The Leepa-Rattner Museum of Art (LRMA) has organized and is proud to present the special exhibition Louisa Chase: What Lies Beneath, a celebration of one of the most powerful female voices in contemporary art. Featuring more than thirty-five paintings, prints, and studies, this is one of the most comprehensive exhibitions of Louisa Chase's work to be shown in the Southeastern United States. This overview of her forty-year career includes signature works that defined her vision and solidified her presence as a force to be reckoned with in the contemporary art world.
A master of expressive line, color and texture, Chase reveled in the physicality of painting and printmaking as she confronted her innermost desires to render emotional, interior landscapes that knew no boundaries. Existing in that internal state of being, she harnessed a duality that was constantly in flux and embattled with itself. Peeling away the layers of “what lies beneath,” she reveals the mysterious inner-workings of the human psyche through a visual language of expressive marks and symbolic imagery that is universal, yet deeply personal—a style she described as “kamikaze curiosity.” Striking a balance between order and chaos, her bold, outwardly raw expression, manifested in thickly-applied layers of paint, wax and carved gestural marks, is an excavation of the soul.
Emerging out of male-dominated art movements such as Minimalism and Conceptual Art in the late 1970s, Chase is often linked to Neo-Expressionism and the New Image painters. This resurgence in painting employed heavy impasto, mark-making, figurative symbolism and color. In the 1980s, women artists were still generally marginalized but she was one of the few to gain recognition, along with Susan Rothenberg and Elizabeth Murray. With her feet firmly planted in the contemporary New York art scene alongside notable artists such as Jean-Michel Basquiat, David Salle, Julian Schnabel and Donald Sultan, and represented by the foremost galleries in New York, Chase had developed a voice that was uniquely her own. Her prints and paintings were featured in landmark exhibitions that set the tone for contemporary art of that era such as American Painting: The Eighties at Grey Art Gallery, New York University, in 1979, and Paradise Lost/Paradise Regained: American Visions of the New Decade, organized by the New Museum of Contemporary Art to represent the United States at the Venice Biennale in 1984. That same year, the Institute for Contemporary Art in Boston organized the nationally-traveled exhibition New Currents: Louisa Chase.
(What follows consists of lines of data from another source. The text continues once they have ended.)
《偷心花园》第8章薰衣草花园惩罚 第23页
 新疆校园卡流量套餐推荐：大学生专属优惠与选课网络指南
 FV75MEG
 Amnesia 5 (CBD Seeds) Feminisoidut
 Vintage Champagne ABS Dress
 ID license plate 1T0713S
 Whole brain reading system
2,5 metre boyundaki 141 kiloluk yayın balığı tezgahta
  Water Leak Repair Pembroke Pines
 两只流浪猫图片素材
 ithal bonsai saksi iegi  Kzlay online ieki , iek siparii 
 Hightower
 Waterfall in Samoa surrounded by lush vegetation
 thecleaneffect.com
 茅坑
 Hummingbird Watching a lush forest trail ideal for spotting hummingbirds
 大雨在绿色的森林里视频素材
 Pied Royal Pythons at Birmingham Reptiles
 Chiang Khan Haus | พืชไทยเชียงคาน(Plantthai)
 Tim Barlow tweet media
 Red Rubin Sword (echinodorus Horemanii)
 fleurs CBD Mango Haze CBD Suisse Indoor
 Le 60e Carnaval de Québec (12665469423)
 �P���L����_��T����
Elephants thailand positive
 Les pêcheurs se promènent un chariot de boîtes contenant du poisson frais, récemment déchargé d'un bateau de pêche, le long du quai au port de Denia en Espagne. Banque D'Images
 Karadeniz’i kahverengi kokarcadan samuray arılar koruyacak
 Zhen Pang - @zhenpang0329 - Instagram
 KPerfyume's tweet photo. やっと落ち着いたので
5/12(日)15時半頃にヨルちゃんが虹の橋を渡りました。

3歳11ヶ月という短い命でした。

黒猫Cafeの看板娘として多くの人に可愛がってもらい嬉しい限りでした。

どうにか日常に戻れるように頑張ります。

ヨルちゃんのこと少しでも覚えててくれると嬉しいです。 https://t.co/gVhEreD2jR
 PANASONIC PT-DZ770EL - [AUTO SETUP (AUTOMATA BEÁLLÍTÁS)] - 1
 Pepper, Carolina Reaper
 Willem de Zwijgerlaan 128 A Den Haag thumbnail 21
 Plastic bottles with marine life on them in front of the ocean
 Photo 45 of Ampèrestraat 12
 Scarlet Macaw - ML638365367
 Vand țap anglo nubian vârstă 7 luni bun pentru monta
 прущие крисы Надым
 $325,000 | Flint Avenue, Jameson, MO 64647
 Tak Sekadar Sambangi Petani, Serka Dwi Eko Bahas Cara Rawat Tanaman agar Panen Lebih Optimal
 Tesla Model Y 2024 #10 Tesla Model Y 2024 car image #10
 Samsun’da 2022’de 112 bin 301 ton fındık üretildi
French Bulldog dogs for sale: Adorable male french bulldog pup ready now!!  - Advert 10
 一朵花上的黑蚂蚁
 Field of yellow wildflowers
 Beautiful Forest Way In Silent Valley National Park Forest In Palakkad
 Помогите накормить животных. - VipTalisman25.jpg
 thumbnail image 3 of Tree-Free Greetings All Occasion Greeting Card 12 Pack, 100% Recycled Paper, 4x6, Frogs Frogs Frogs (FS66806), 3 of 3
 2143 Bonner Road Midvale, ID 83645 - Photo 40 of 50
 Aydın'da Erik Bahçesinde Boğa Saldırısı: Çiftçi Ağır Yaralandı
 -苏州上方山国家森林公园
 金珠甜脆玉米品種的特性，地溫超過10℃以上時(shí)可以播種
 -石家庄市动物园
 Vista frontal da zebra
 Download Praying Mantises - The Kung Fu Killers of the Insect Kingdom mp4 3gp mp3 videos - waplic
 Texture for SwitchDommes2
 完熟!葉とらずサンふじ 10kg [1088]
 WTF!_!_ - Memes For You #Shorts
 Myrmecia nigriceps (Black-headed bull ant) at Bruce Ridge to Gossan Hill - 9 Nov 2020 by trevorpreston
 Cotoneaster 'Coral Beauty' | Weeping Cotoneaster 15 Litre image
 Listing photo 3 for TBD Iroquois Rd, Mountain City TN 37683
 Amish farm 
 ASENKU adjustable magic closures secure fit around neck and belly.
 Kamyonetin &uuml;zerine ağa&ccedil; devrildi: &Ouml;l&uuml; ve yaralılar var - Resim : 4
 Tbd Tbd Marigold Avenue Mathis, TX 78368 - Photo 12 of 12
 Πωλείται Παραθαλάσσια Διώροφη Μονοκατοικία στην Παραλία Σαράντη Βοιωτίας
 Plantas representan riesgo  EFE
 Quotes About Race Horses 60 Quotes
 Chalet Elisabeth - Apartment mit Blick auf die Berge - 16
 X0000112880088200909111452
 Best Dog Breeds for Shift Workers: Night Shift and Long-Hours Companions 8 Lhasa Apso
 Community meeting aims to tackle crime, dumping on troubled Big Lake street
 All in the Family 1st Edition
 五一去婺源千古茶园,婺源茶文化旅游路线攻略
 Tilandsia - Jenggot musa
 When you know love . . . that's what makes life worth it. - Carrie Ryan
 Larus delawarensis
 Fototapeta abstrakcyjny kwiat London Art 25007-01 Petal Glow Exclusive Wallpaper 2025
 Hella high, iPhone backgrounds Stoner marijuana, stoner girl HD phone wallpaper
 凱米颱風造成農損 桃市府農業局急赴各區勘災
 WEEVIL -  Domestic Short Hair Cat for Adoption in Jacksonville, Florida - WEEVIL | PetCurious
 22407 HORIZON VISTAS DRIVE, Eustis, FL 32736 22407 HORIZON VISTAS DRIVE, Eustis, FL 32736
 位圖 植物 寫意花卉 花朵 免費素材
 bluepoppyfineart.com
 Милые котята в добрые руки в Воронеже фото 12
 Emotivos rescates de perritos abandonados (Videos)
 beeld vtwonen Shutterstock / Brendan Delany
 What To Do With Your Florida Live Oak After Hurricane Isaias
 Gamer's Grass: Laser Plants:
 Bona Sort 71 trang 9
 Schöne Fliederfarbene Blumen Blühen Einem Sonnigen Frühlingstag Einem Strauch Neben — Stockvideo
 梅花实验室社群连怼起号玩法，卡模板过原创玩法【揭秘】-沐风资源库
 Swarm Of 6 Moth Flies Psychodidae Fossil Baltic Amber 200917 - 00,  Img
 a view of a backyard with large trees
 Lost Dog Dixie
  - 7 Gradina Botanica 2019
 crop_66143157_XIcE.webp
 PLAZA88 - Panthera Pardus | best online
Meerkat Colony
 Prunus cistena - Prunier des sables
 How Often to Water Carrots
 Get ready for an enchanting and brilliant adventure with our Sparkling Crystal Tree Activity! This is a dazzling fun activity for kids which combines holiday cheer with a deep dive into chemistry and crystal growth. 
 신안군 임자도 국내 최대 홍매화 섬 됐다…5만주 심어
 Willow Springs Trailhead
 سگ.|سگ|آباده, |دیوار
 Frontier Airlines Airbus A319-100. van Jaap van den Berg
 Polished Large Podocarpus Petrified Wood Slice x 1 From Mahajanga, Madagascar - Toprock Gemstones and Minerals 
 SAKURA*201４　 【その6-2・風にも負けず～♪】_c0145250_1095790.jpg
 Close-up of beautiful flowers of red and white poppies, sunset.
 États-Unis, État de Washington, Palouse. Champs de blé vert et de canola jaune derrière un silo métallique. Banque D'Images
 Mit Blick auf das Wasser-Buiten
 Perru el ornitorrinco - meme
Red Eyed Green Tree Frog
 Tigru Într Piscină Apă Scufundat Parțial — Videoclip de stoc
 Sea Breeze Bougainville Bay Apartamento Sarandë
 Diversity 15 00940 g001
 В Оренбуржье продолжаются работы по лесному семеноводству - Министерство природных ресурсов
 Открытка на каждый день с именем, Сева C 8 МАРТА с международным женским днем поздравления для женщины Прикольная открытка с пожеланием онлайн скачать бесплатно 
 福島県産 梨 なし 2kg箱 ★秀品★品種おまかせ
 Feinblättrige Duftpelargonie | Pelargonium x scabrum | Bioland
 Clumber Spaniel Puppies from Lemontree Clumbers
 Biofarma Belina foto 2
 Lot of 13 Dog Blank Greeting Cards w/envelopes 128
Major museums have collected Chase’s work including the Whitney Museum of Art; the Museum of Modern Art; the Metropolitan Museum of Art; the National Gallery of Art, Washington, D.C.; the San Francisco Museum of Modern Art; the Baltimore Museum of Art; and many more.
Louisa Chase: What Lies Beneath is made possible by the generous support of Jim Sweeny in memory of his wife, Martha. The Sweenys’ support has enabled LRMA to do extensive primary research on Chase and to collaborate with the artist’s estate, galleries in New York and Maryland, and museums throughout Florida. We extend our sincere appreciation to all who have contributed to this special exhibition and continue to champion Louisa Chase’s work to preserve her legacy as a true visionary.